Logging

Scrapy uses logging for event logging. We’ll provide some simple examples to get you started, but for more advanced use-cases it’s strongly suggested to read thoroughly its documentation.

Logging works out of the box, and can be configured to some extent with the Scrapy settings listed in Logging settings.

Scrapy calls scrapy.utils.log.configure_logging() to set some reasonable defaults and handle those settings in Logging settings when running commands, so it’s recommended to manually call it if you’re running Scrapy from scripts as described in Run Scrapy from a script.

Log levels

Python’s builtin logging defines 5 different levels to indicate the severity of a given log message. Here are the standard ones, listed in decreasing order:

logging.CRITICAL - for critical errors (highest severity)
logging.ERROR - for regular errors
logging.WARNING - for warning messages
logging.INFO - for informational messages
logging.DEBUG - for debugging messages (lowest severity)

How to log messages

Here’s a quick example of how to log a message using the logging.WARNING level:

import logging

logging.warning("This is a warning")

There are shortcuts for issuing log messages on any of the standard 5 levels, and there’s also a general logging.log method which takes a given level as argument. If needed, the last example could be rewritten as:

import logging

logging.log(logging.WARNING, "This is a warning")

On top of that, you can create different “loggers” to encapsulate messages. (For example, a common practice is to create different loggers for every module). These loggers can be configured independently, and they allow hierarchical constructions.

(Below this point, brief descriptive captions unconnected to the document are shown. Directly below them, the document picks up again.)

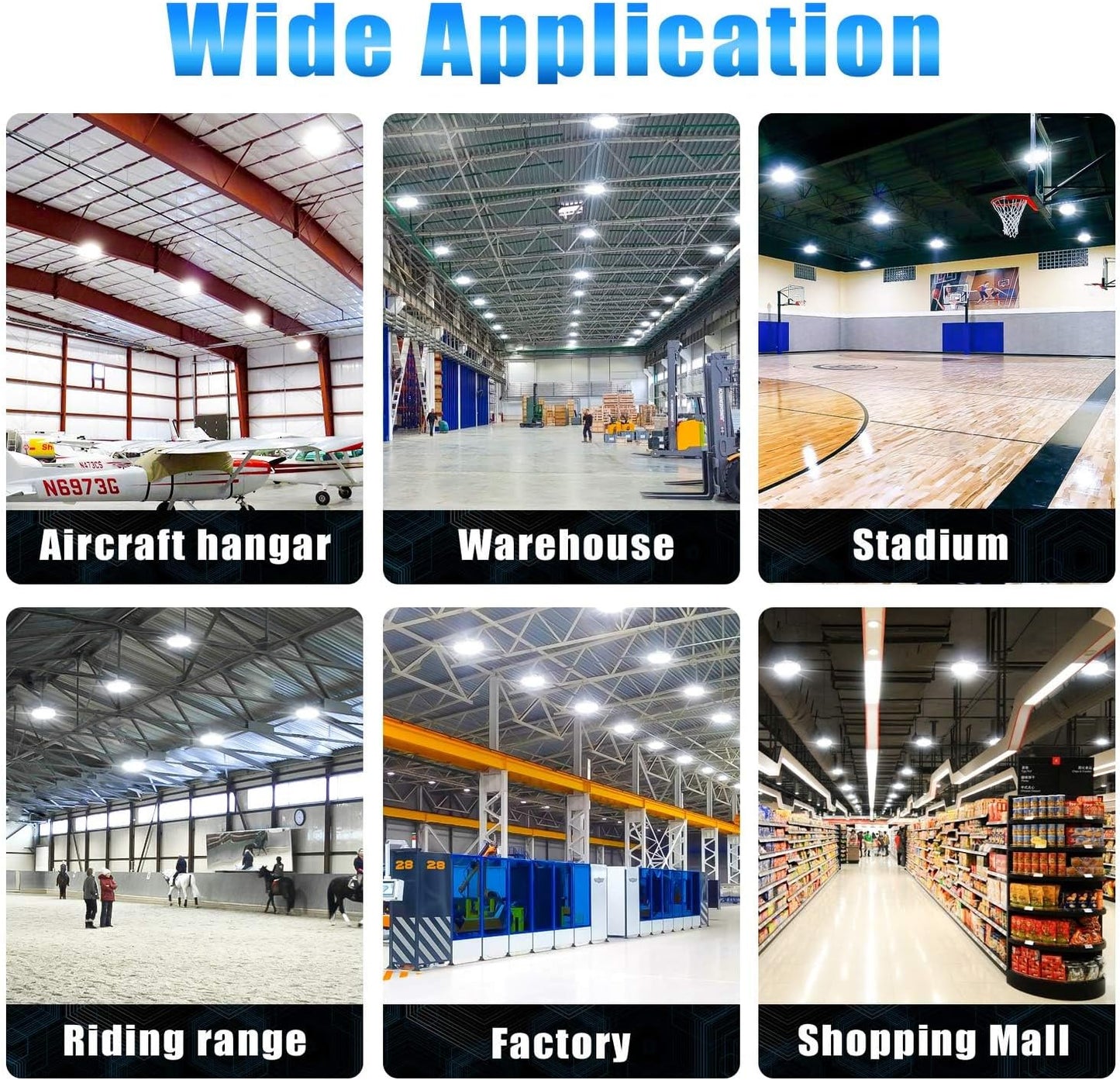 6 Pack 300W LED High Bay Light, UL&DLC Listed 41000LM Dimmable UFO High Bay LED Lights for Warehouse, 5000K Daylight IP65 Waterproof Commercial Bay Lighting 𝐀𝐂𝟏𝟎𝟎-𝟐𝟕𝟕𝐕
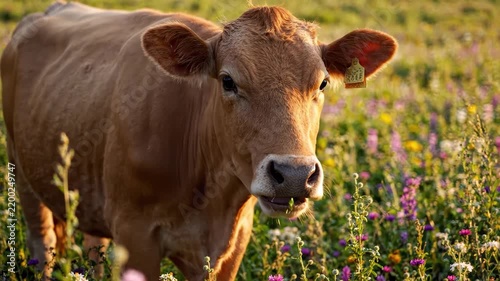 Cow standing and chewing in wildflower meadow during golden hour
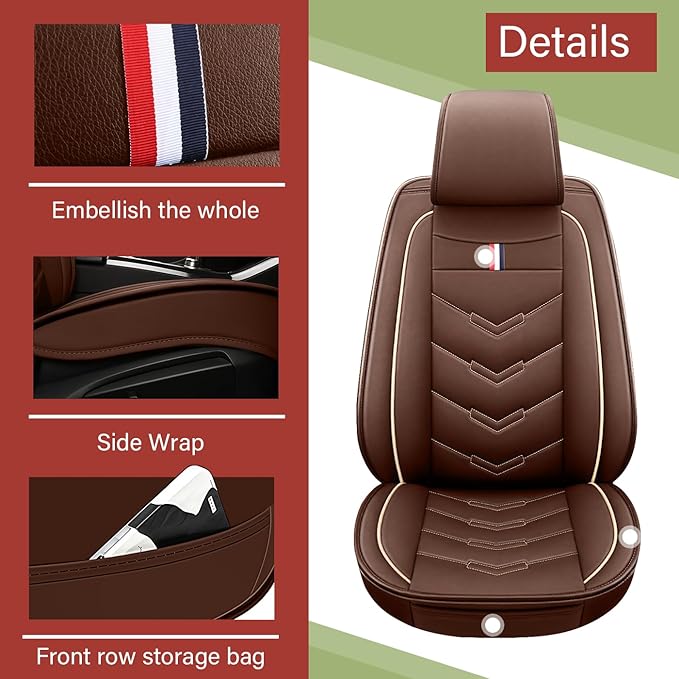 Leather Car Seat Covers Fit for LR Range Rover Sport 2023-2025, 5 Seater Waterproof and Wear-Resistant Seat Cover Interior Accessories(Full Set,Coffee)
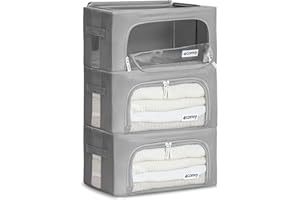 4CONVY Scatole per Armadio Rigide con Cerniera – [2024 MATERIALE AGGIORNATO] Contenitori per Armadio per Vestiti, Trapunte – Organizzatore Armadio con Struttura in Metallo Pieghevole - 3x24L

The previous examples use the root logger behind the scenes, which is a top level logger where all messages are propagated to (unless otherwise specified). Using logging helpers is merely a shortcut for getting the root logger explicitly, so this is also an equivalent of the last snippets:

import logging

logger = logging.getLogger()
logger.warning("This is a warning")

You can use a different logger just by getting its name with the logging.getLogger function:

import logging

logger = logging.getLogger("mycustomlogger")
logger.warning("This is a warning")

Finally, you can ensure having a custom logger for any module you’re working on by using the __name__ variable, which is populated with current module’s path:

import logging

logger = logging.getLogger(__name__)
logger.warning("This is a warning")

Logging from Spiders

Scrapy provides a logger within each Spider instance, which can be accessed and used like this:

import scrapy


class MySpider(scrapy.Spider):
    name = "myspider"
    start_urls = ["https://scrapy.org"]

    def parse(self, response):
        self.logger.info("Parse function called on %s", response.url)

That logger is created using the Spider’s name, but you can use any custom Python logger you want. For example:

import logging
import scrapy

logger = logging.getLogger("mycustomlogger")


class MySpider(scrapy.Spider):
    name = "myspider"
    start_urls = ["https://scrapy.org"]

    def parse(self, response):
        logger.info("Parse function called on %s", response.url)

Logging configuration

Loggers on their own don’t manage how messages sent through them are displayed. For this task, different “handlers” can be attached to any logger instance and they will redirect those messages to appropriate destinations, such as the standard output, files, emails, etc.

By default, Scrapy sets and configures a handler for the root logger, based on the settings below.

Logging settings

These settings can be used to configure the logging:

The first couple of settings define a destination for log messages. If LOG_FILE is set, messages sent through the root logger will be redirected to a file named LOG_FILE with encoding LOG_ENCODING. If unset and LOG_ENABLED is True, log messages will be displayed on the standard error. If LOG_FILE is set and LOG_FILE_APPEND is False, the file will be overwritten (discarding the output from previous runs, if any). Lastly, if LOG_ENABLED is False, there won’t be any visible log output.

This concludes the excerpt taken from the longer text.